Only the stretch below from the line holding "コウノハナ 常緑樹 仏前草樒鉢植え:園芸百貨店何でも揃うこぼんさい" through the line holding "Small #10 Morkie" should be restated, word for word and with both ends included; pictures stay out.

_DATA FOR ANALYSIS_
*** Block opens ***

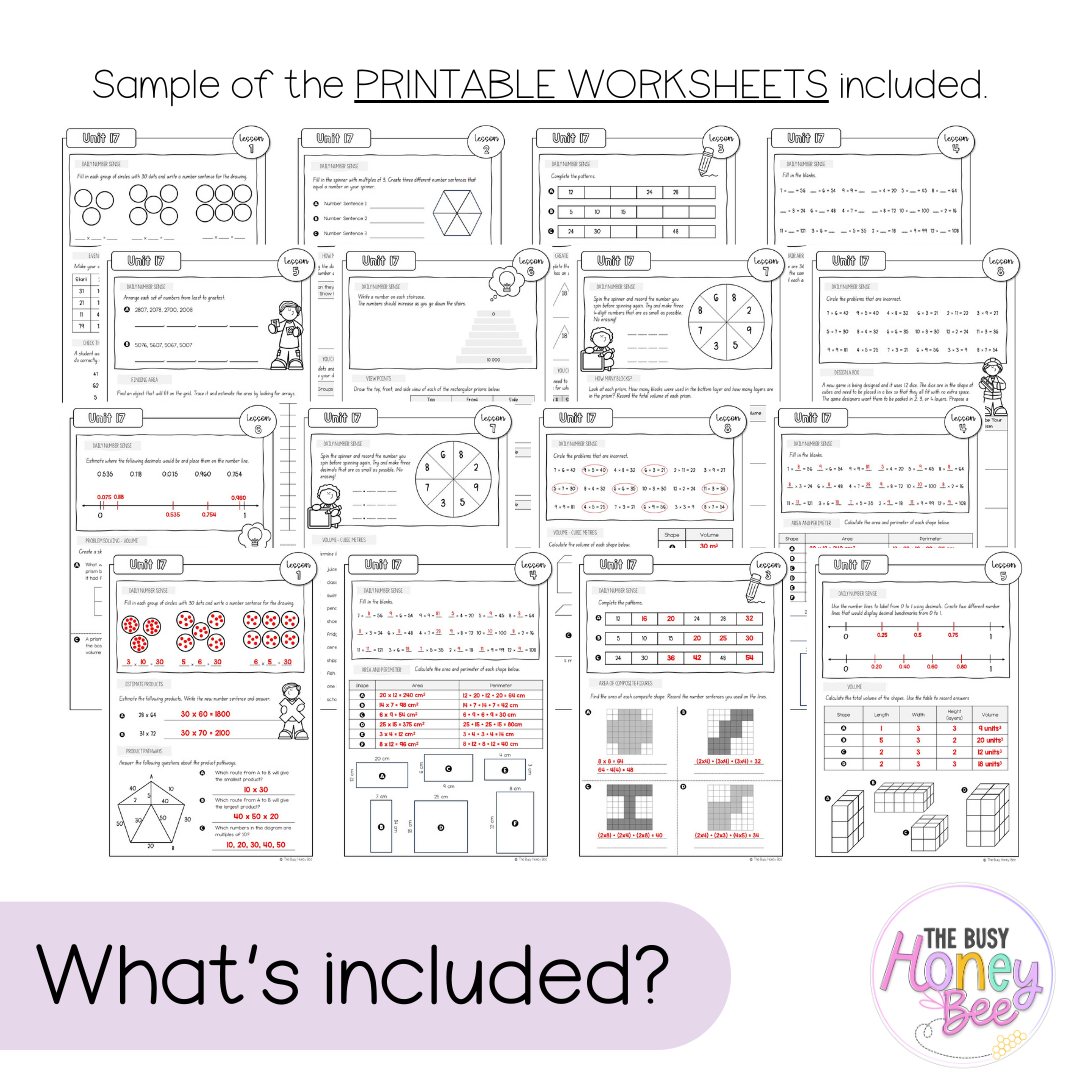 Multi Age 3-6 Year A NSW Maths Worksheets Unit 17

*** Block closes ***
*** Block opens ***

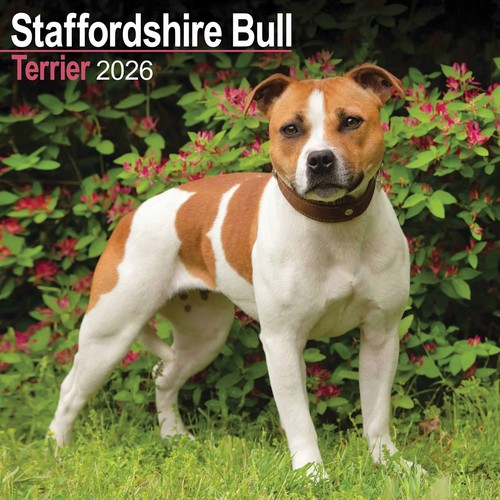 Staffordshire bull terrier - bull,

*** Block closes ***
*** Block opens ***

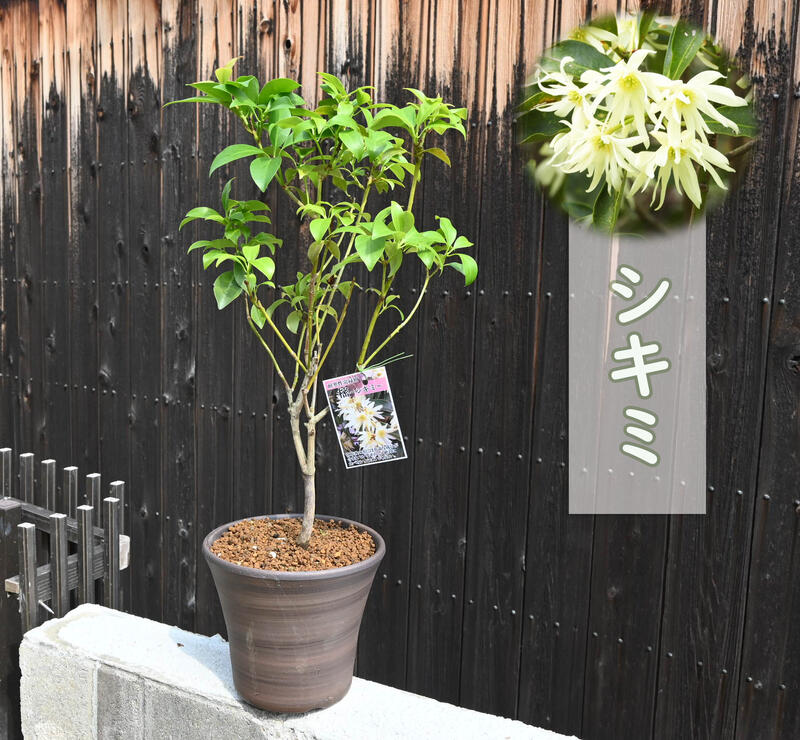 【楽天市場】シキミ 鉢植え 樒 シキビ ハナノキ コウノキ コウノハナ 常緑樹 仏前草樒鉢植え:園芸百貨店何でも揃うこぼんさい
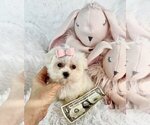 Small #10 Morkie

*** Block closes ***

_THE ANSWER_
 【楽天市場】シキミ 鉢植え 樒 シキビ ハナノキ コウノキ コウノハナ 常緑樹 仏前草樒鉢植え:園芸百貨店何でも揃うこぼんさい
 Small #10 Morkie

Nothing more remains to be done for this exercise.